All I remember from the song is that – there is a small gathering of people, both kids, and adults, and behind them sat an elderly gentleman rocking the chair. His walking stick is visible beside him, and seen is him patting a young girl’s head seated below next to the chair. A lady is playing the piano, and within seconds, he starts to utter words in phrases that had a sense of melody. Not that we knew anything about it then.
He goes on singing, and the camera shifts to an idol to whom he is referring to in the song. The seated children also join him, forming a chorus that is used as a buffer between his lines and the theme music.
Next scene, I see a young lady away from this group in a room getting up, irritated by the song, decides to shut the windows and frenetically tries to open her room door, but in vain. She seemed unhappy, restless, and doesn’t quite know what to do. As kids looking at this video then, we too didn’t know what was happening.
The scene then shifts to the gentleman who continues to sing. At this point, it becomes unbearable to this young lady who is shown closing her ears, trying hard not just to hear what’s been sung. She is not a happy person from the looks of it. The song proceeds, and parallely this poor lady is shown with her tears locked in a room and unable to break free.
This is how I looked at the video, and each time (innumerable times) I have watched this video, I always wondered why she was crying. I would have asked my grandfather or my aunt about this or probably discussed it with Harish, but the conversation never went on for a long time.

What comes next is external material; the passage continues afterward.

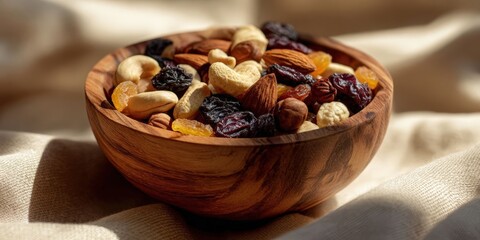 Wooden Bowl of Mixed Nuts and Dried Fruit on Beige Fabric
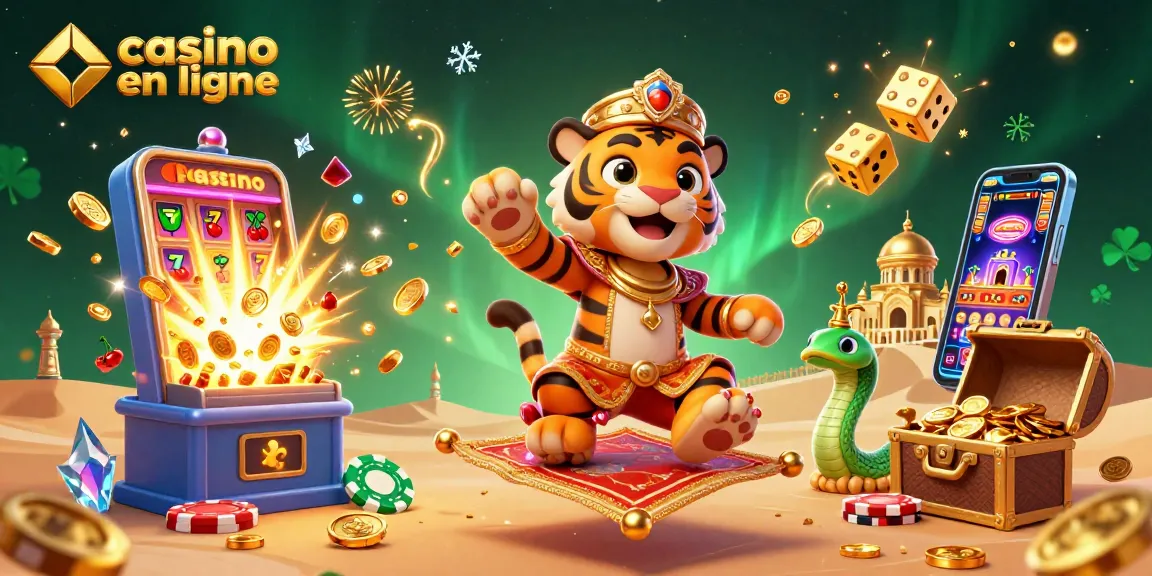 Jouez à un casino en ligne avec une illustration 3D colorée incluant un sultan et des machines à sous.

In any case, how would they know; the only thing I remember my grandfather saying was that he had watched this movie before my mother was born.
As soon as this song finished, another music was playing, a new adventure of 4-5 minutes set in a different world with another set of actors, actresses, and scenarios.
And in between these songs from different genres came two episodes of Tom and Jerry and an episode of Goofy.
In 1993, my grandfather retired from the services, and he settled down in rural Bangalore (close to the international airport). The VCR was neatly packed, and I never saw it opened again since the shift.
Twenty years later, it is somewhere sealed in one of the storage cabinets, but no one knows where. It became redundant with each year since the advent of cable television, VCDs, DVDs, and now with YouTube.
Years later, sometime towards the end of the millennium, I heard this song again. The name of the movie ‘Seema’; the elderly gentleman in the video was Balraj Sahni, and the furious, frustrated young girl, so to speak, was none other than ex-Miss India of 1950’s Nutan.
The movie was released in the mid-1950s, and I have not watched this movie, and I do not know the story. My curiosity to know why she suffered during the song also died with time. And yet, even today, the song remains close to my heart.
It might not be the first old song I would have heard in my life, but I am quite sure ‘Tu Pyaar ka Saagar’ is not too far behind. I had watched the video of this song close to 50 times or more even before I turned ten. In that sense, it has been ingrained just like many other songs from that videocassette.
This was the only song in the movie which was sung by Manna Dey. He took his last breath today in Bangalore, and the first thing that came to my mind was this song. Every time Manna Dey was mentioned in any of my conversations, this song and the picturisation of the same flashes scene by scene.
Over the period, I have heard many of his other songs on the radio, tape recorder, CD player, and YouTube, but none came close to ‘Tu Pyaar ka Saagar.’